Akhir kisah, Sang Rusa hingga mati juga tidak dapat mengerti dirinya.
***
KEHIDUPAN berlalu begitu cepat. Saking cepatnya, kita lebih sering tidak menyadarinya. Meskipun ada sebagian di antara kita memiliki kegemaran “berbincang dengan hatinya”, tapi masih ada juga yang kerap mengabaikan suara hatinya. Beberapa hari yang lalu seorang perempuan renta bernama Mak Enah bercerita kepada saya bahwa dia adalah perempuan yang sangat menikmati hidupnya. Dia memaknai kepahitan hidup bukan sebagai penderitaan—apalagi malapetaka—melainkan sebentuk ujian yang semakin mengayakan dan mencerahkan hidupnya. Dia disiplin mendengarkan kata hatinya dan berani mengikutinya. Secara harta, dia bukan siapa-siapa. Akan tetapi, matanya memancarkan kekayaan hati yang seolah tak pernah berhenti bercahaya. Sungguh menarik!
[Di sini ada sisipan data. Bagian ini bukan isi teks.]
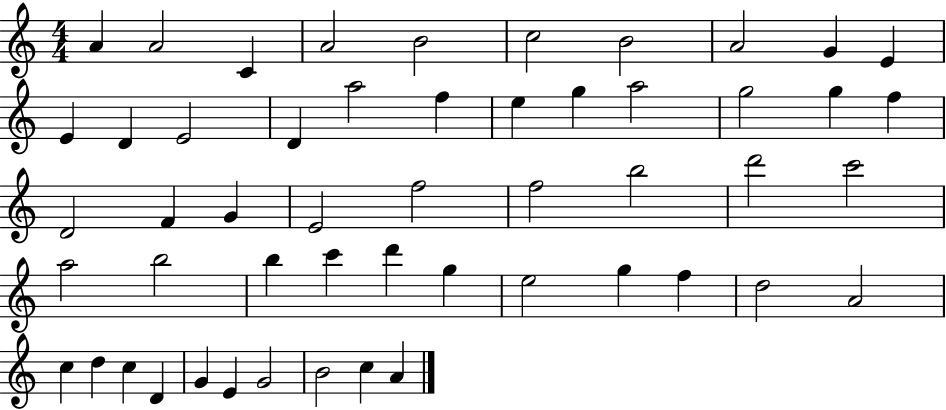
X:1
T:Untitled
M:4/4
L:1/4
K:C
A A2 C A2 B2 c2 B2 A2 G E E D E2 D a2 f e g a2 g2 g f D2 F G E2 f2 f2 b2 d'2 c'2 a2 b2 b c' d' g e2 g f d2 A2 c d c D G E G2 B2 c A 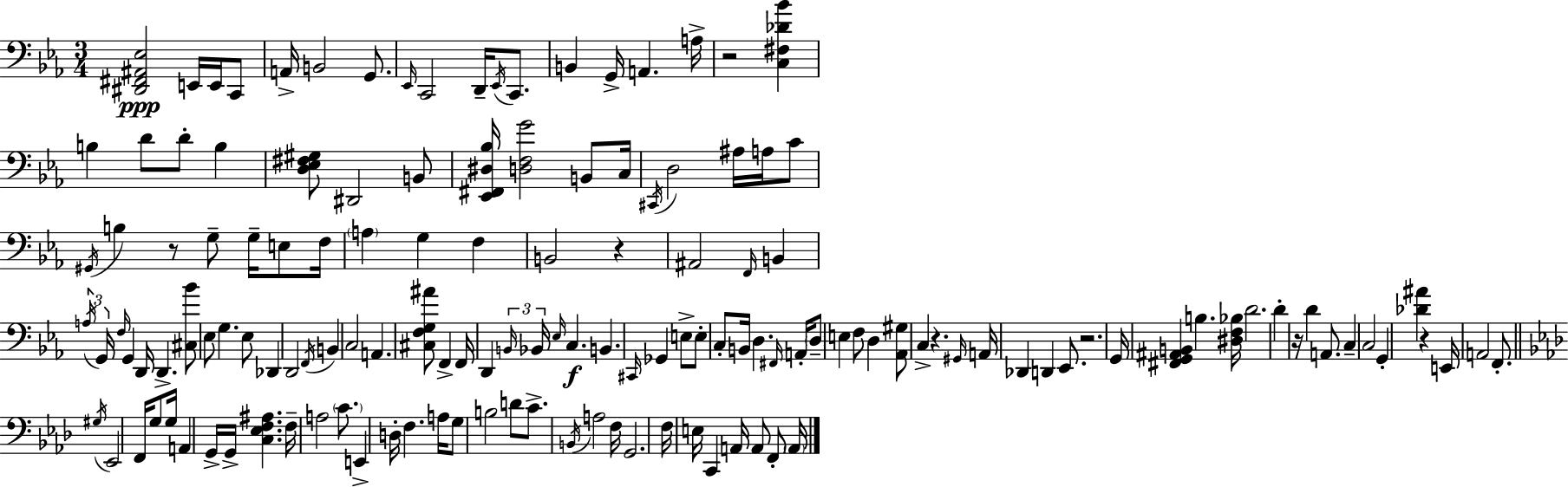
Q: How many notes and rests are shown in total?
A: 144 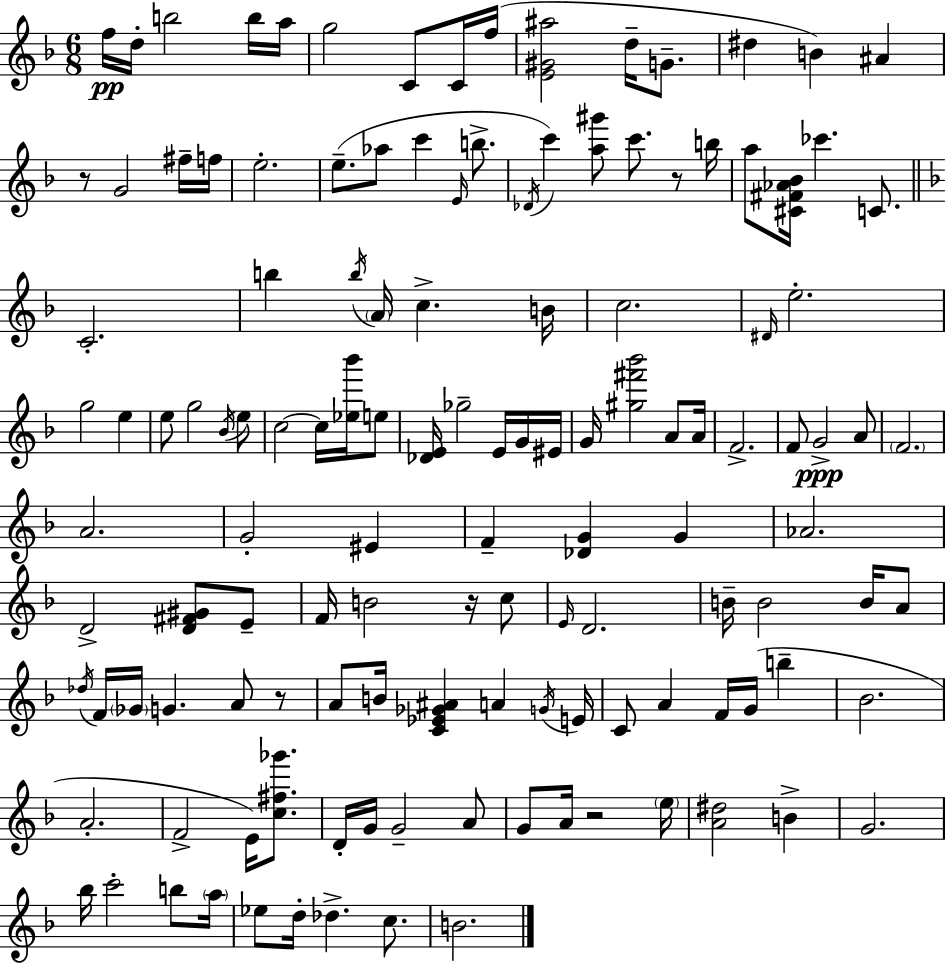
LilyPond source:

{
  \clef treble
  \numericTimeSignature
  \time 6/8
  \key f \major
  \repeat volta 2 { f''16\pp d''16-. b''2 b''16 a''16 | g''2 c'8 c'16 f''16( | <e' gis' ais''>2 d''16-- g'8.-- | dis''4 b'4) ais'4 | \break r8 g'2 fis''16-- f''16 | e''2.-. | e''8.--( aes''8 c'''4 \grace { e'16 } b''8.-> | \acciaccatura { des'16 }) c'''4 <a'' gis'''>8 c'''8. r8 | \break b''16 a''8 <cis' fis' aes' bes'>16 ces'''4. c'8. | \bar "||" \break \key d \minor c'2.-. | b''4 \acciaccatura { b''16 } \parenthesize a'16 c''4.-> | b'16 c''2. | \grace { dis'16 } e''2.-. | \break g''2 e''4 | e''8 g''2 | \acciaccatura { bes'16 } e''8 c''2~~ c''16 | <ees'' bes'''>16 e''8 <des' e'>16 ges''2-- | \break e'16 g'16 eis'16 g'16 <gis'' fis''' bes'''>2 | a'8 a'16 f'2.-> | f'8 g'2->\ppp | a'8 \parenthesize f'2. | \break a'2. | g'2-. eis'4 | f'4-- <des' g'>4 g'4 | aes'2. | \break d'2-> <d' fis' gis'>8 | e'8-- f'16 b'2 | r16 c''8 \grace { e'16 } d'2. | b'16-- b'2 | \break b'16 a'8 \acciaccatura { des''16 } f'16 \parenthesize ges'16 g'4. | a'8 r8 a'8 b'16 <c' ees' ges' ais'>4 | a'4 \acciaccatura { g'16 } e'16 c'8 a'4 | f'16 g'16( b''4-- bes'2. | \break a'2.-. | f'2-> | e'16) <c'' fis'' ges'''>8. d'16-. g'16 g'2-- | a'8 g'8 a'16 r2 | \break \parenthesize e''16 <a' dis''>2 | b'4-> g'2. | bes''16 c'''2-. | b''8 \parenthesize a''16 ees''8 d''16-. des''4.-> | \break c''8. b'2. | } \bar "|."
} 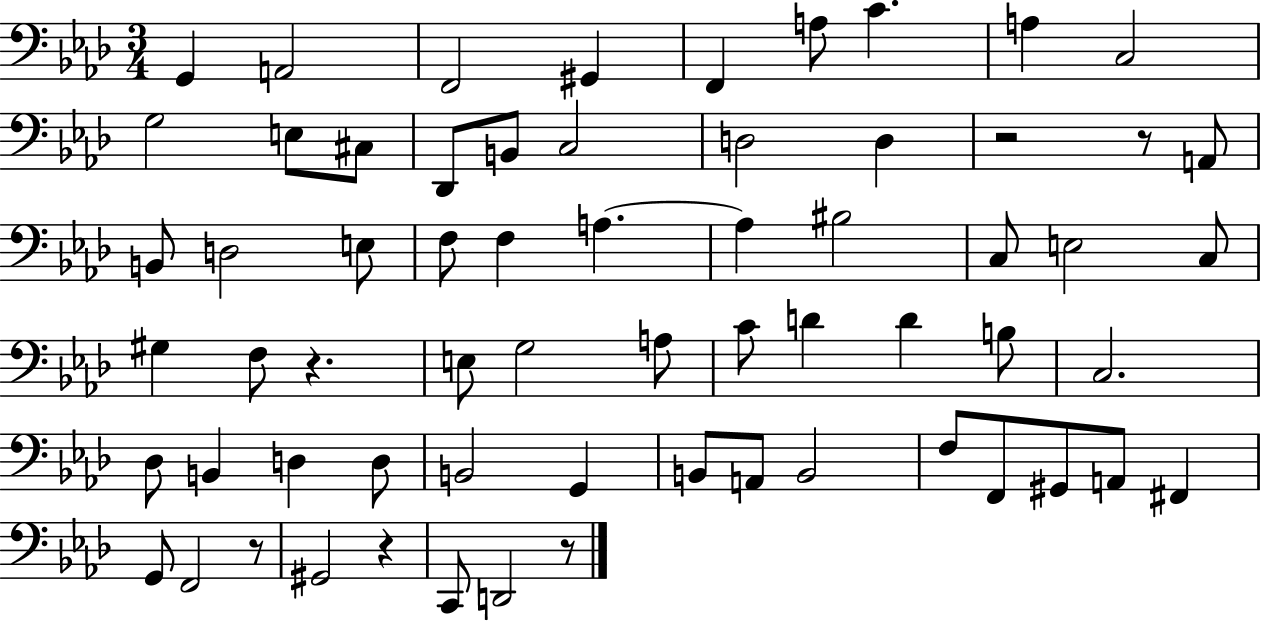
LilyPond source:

{
  \clef bass
  \numericTimeSignature
  \time 3/4
  \key aes \major
  \repeat volta 2 { g,4 a,2 | f,2 gis,4 | f,4 a8 c'4. | a4 c2 | \break g2 e8 cis8 | des,8 b,8 c2 | d2 d4 | r2 r8 a,8 | \break b,8 d2 e8 | f8 f4 a4.~~ | a4 bis2 | c8 e2 c8 | \break gis4 f8 r4. | e8 g2 a8 | c'8 d'4 d'4 b8 | c2. | \break des8 b,4 d4 d8 | b,2 g,4 | b,8 a,8 b,2 | f8 f,8 gis,8 a,8 fis,4 | \break g,8 f,2 r8 | gis,2 r4 | c,8 d,2 r8 | } \bar "|."
} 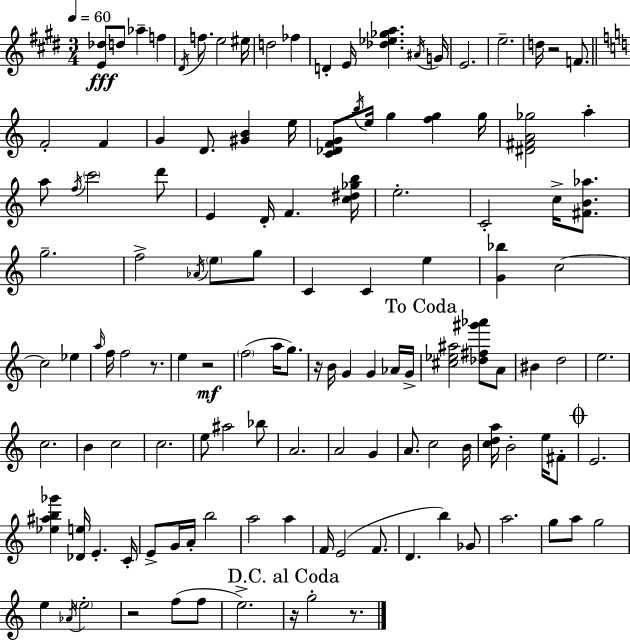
[E4,Db5]/e D5/e Ab5/q F5/q D#4/s F5/e. E5/h EIS5/s D5/h FES5/q D4/q E4/s [Db5,Eb5,Gb5,A5]/q. A#4/s G4/s E4/h. E5/h. D5/s R/h F4/e. F4/h F4/q G4/q D4/e. [G#4,B4]/q E5/s [C4,Db4,F4,G4]/e B5/s E5/s G5/q [F5,G5]/q G5/s [D#4,F#4,A4,Gb5]/h A5/q A5/e F5/s C6/h D6/e E4/q D4/s F4/q. [C5,D#5,Gb5,B5]/s E5/h. C4/h C5/s [F#4,B4,Ab5]/e. G5/h. F5/h Ab4/s E5/e G5/e C4/q C4/q E5/q [G4,Bb5]/q C5/h C5/h Eb5/q A5/s F5/s F5/h R/e. E5/q R/h F5/h A5/s G5/e. R/s B4/s G4/q G4/q Ab4/s G4/s [C#5,Eb5,A#5]/h [Db5,F#5,G#6,Ab6]/e A4/e BIS4/q D5/h E5/h. C5/h. B4/q C5/h C5/h. E5/e A#5/h Bb5/e A4/h. A4/h G4/q A4/e. C5/h B4/s [C5,D5,A5]/s B4/h E5/s F#4/e E4/h. [Eb5,A#5,B5,Gb6]/q [Db4,E5]/s E4/q. C4/s E4/e G4/s A4/s B5/h A5/h A5/q F4/s E4/h F4/e. D4/q. B5/q Gb4/e A5/h. G5/e A5/e G5/h E5/q Ab4/s E5/h R/h F5/e F5/e E5/h. R/s G5/h R/e. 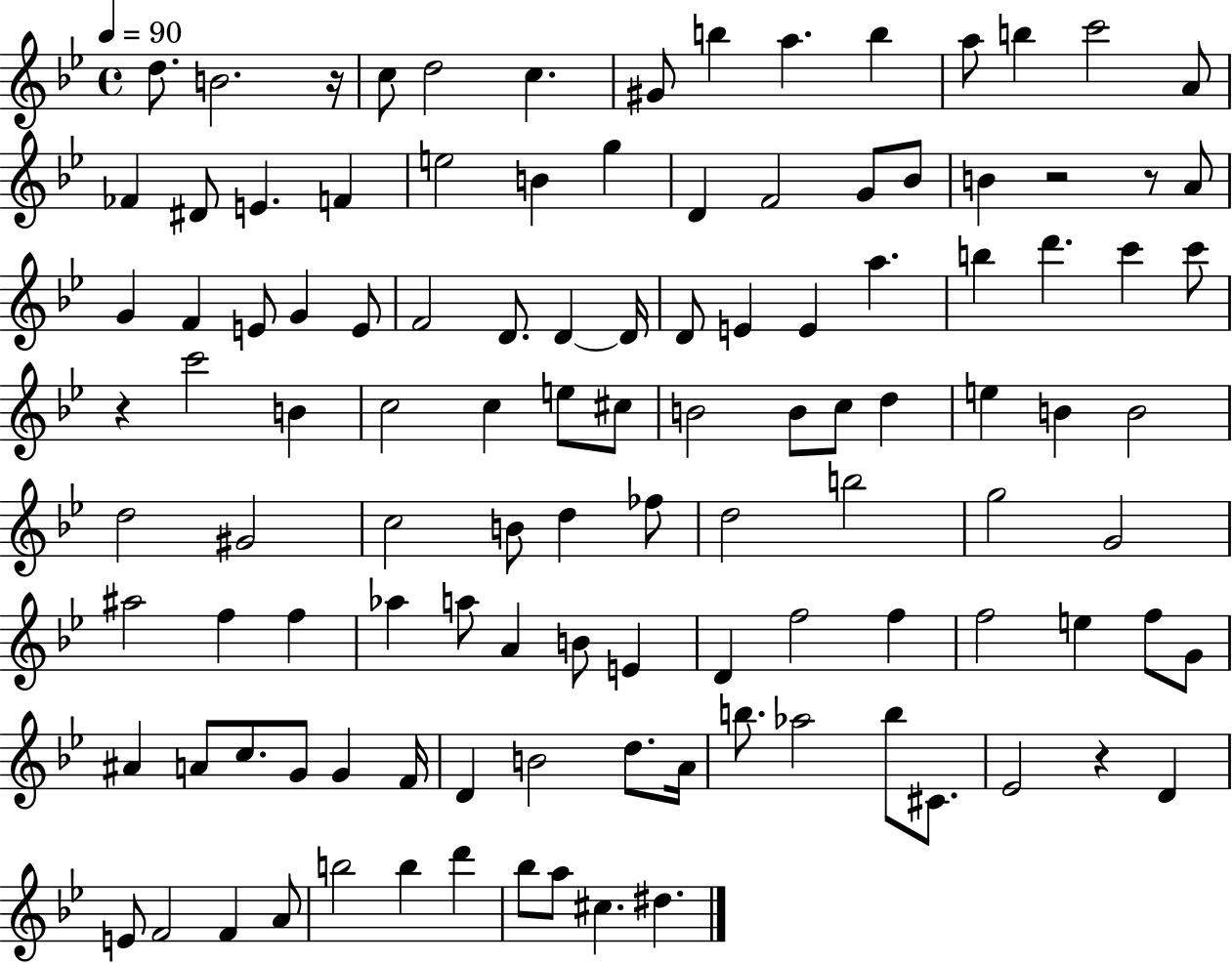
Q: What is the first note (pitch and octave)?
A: D5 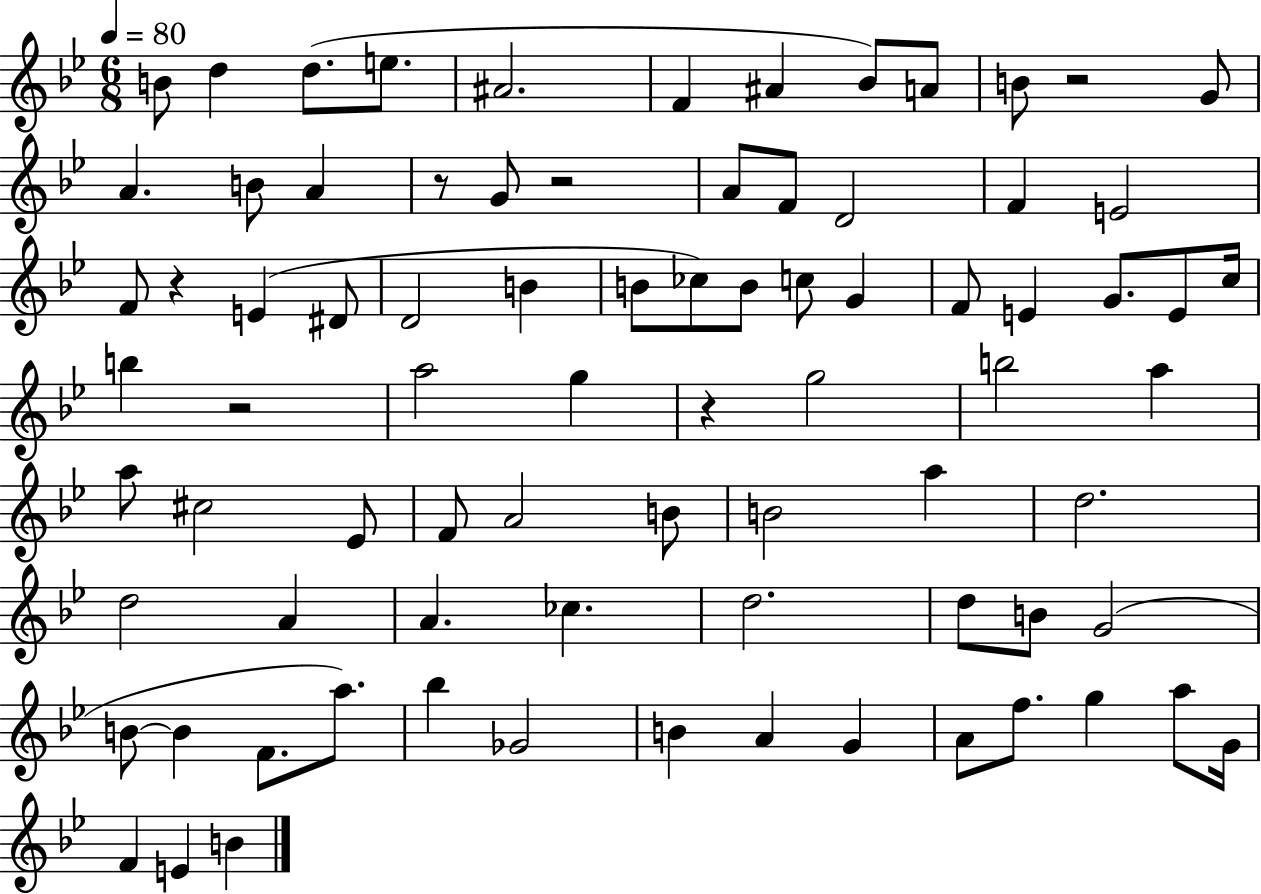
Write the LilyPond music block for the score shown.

{
  \clef treble
  \numericTimeSignature
  \time 6/8
  \key bes \major
  \tempo 4 = 80
  b'8 d''4 d''8.( e''8. | ais'2. | f'4 ais'4 bes'8) a'8 | b'8 r2 g'8 | \break a'4. b'8 a'4 | r8 g'8 r2 | a'8 f'8 d'2 | f'4 e'2 | \break f'8 r4 e'4( dis'8 | d'2 b'4 | b'8 ces''8) b'8 c''8 g'4 | f'8 e'4 g'8. e'8 c''16 | \break b''4 r2 | a''2 g''4 | r4 g''2 | b''2 a''4 | \break a''8 cis''2 ees'8 | f'8 a'2 b'8 | b'2 a''4 | d''2. | \break d''2 a'4 | a'4. ces''4. | d''2. | d''8 b'8 g'2( | \break b'8~~ b'4 f'8. a''8.) | bes''4 ges'2 | b'4 a'4 g'4 | a'8 f''8. g''4 a''8 g'16 | \break f'4 e'4 b'4 | \bar "|."
} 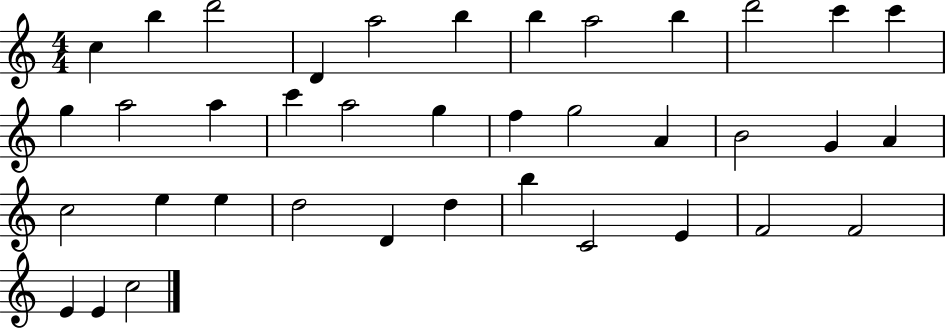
X:1
T:Untitled
M:4/4
L:1/4
K:C
c b d'2 D a2 b b a2 b d'2 c' c' g a2 a c' a2 g f g2 A B2 G A c2 e e d2 D d b C2 E F2 F2 E E c2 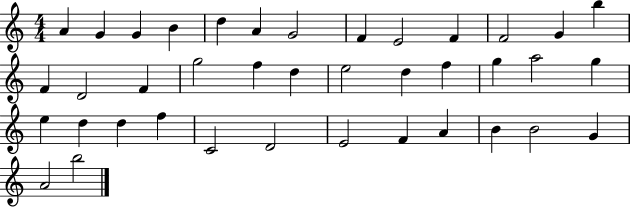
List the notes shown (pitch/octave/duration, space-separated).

A4/q G4/q G4/q B4/q D5/q A4/q G4/h F4/q E4/h F4/q F4/h G4/q B5/q F4/q D4/h F4/q G5/h F5/q D5/q E5/h D5/q F5/q G5/q A5/h G5/q E5/q D5/q D5/q F5/q C4/h D4/h E4/h F4/q A4/q B4/q B4/h G4/q A4/h B5/h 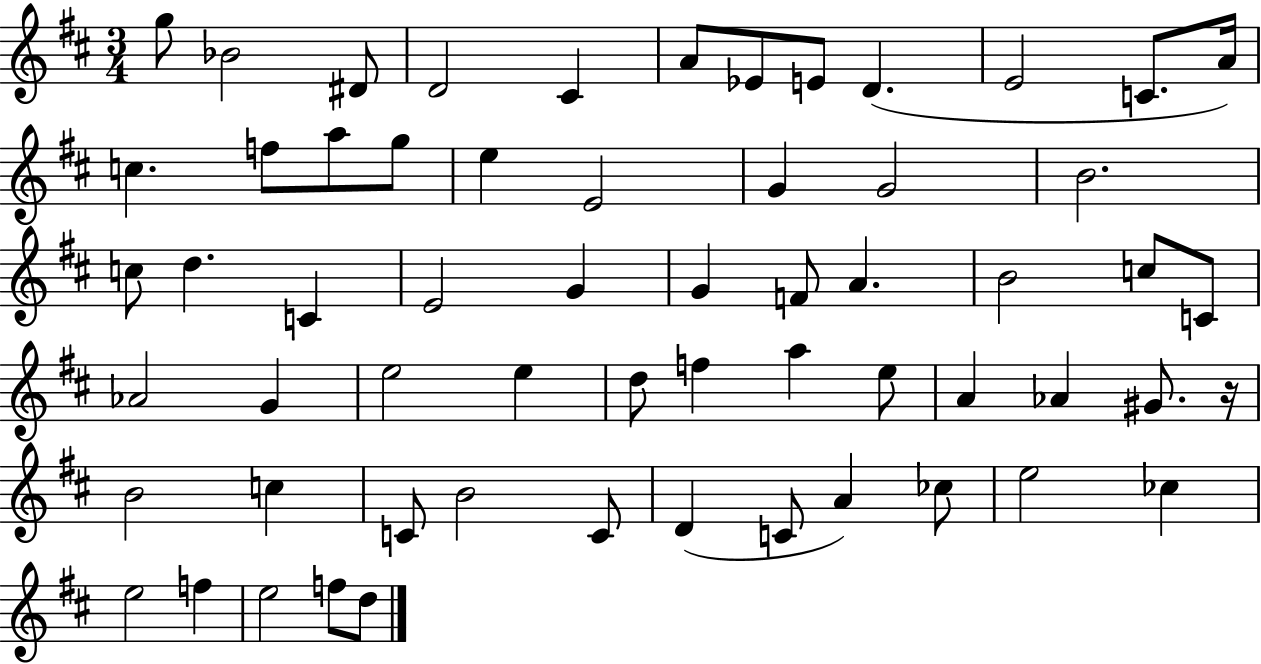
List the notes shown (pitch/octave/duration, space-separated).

G5/e Bb4/h D#4/e D4/h C#4/q A4/e Eb4/e E4/e D4/q. E4/h C4/e. A4/s C5/q. F5/e A5/e G5/e E5/q E4/h G4/q G4/h B4/h. C5/e D5/q. C4/q E4/h G4/q G4/q F4/e A4/q. B4/h C5/e C4/e Ab4/h G4/q E5/h E5/q D5/e F5/q A5/q E5/e A4/q Ab4/q G#4/e. R/s B4/h C5/q C4/e B4/h C4/e D4/q C4/e A4/q CES5/e E5/h CES5/q E5/h F5/q E5/h F5/e D5/e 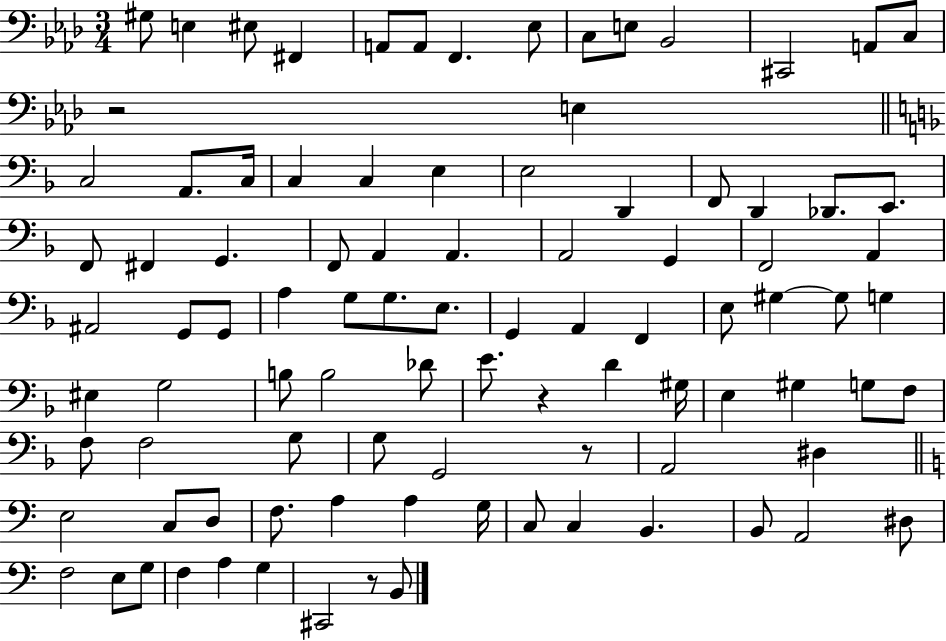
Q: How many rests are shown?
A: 4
Lalu, saya pun mulai menyambangi hati. Apa sebenarnya yang saya inginkan dalam hidup ini? Apa saja yang bisa membuat hidup saya lebih kaya dan lebih bahagia? Kelak, jika usia saya semakin uzur, apakah saya bisa menikmati kebahagian layaknya cahaya yang memancar dari mata Mak Enah? Setiap demi setiap pertanyaan seolah kunci pembuka gerbang utama “pencerahan”. Ternyata banyak hal yang belum saya pahami karena indra saya tersungkupi tabir kebiasaan-kebiasaan. Saya terperangkap dalam rutinitas dan penggambaran terhadap makna hidup yang keliru—seperti rusa dalam cerita di atas yang mengira dirinya bisa leluasa bermain dengan anjing mana saja.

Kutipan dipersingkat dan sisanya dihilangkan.